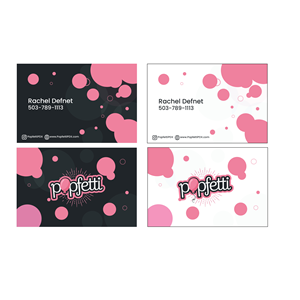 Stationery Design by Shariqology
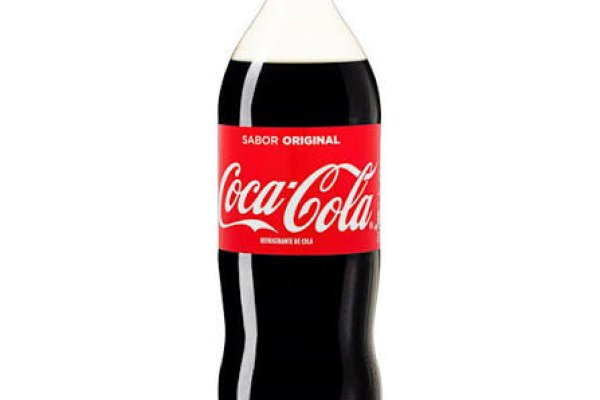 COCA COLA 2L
==
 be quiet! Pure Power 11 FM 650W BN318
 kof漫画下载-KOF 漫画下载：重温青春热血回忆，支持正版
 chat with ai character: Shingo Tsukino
---
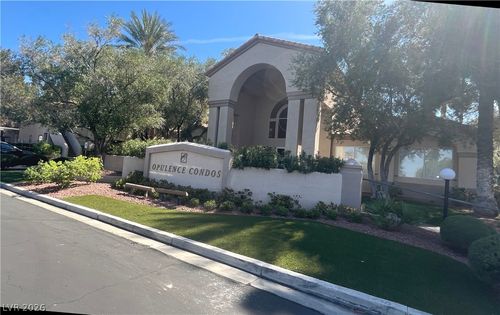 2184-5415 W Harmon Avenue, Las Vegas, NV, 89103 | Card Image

■ TASK ITEM: Beginning with the line containing "kof漫画下载-KOF 漫画下载：重温青春热血回忆，支持正版" and ending with the line containing "chat with ai character: Shingo Tsukino", extract those lines exactly from the listing above, and only those.

■ WRITTEN SOLUTION:
 kof漫画下载-KOF 漫画下载：重温青春热血回忆，支持正版
 chat with ai character: Shingo Tsukino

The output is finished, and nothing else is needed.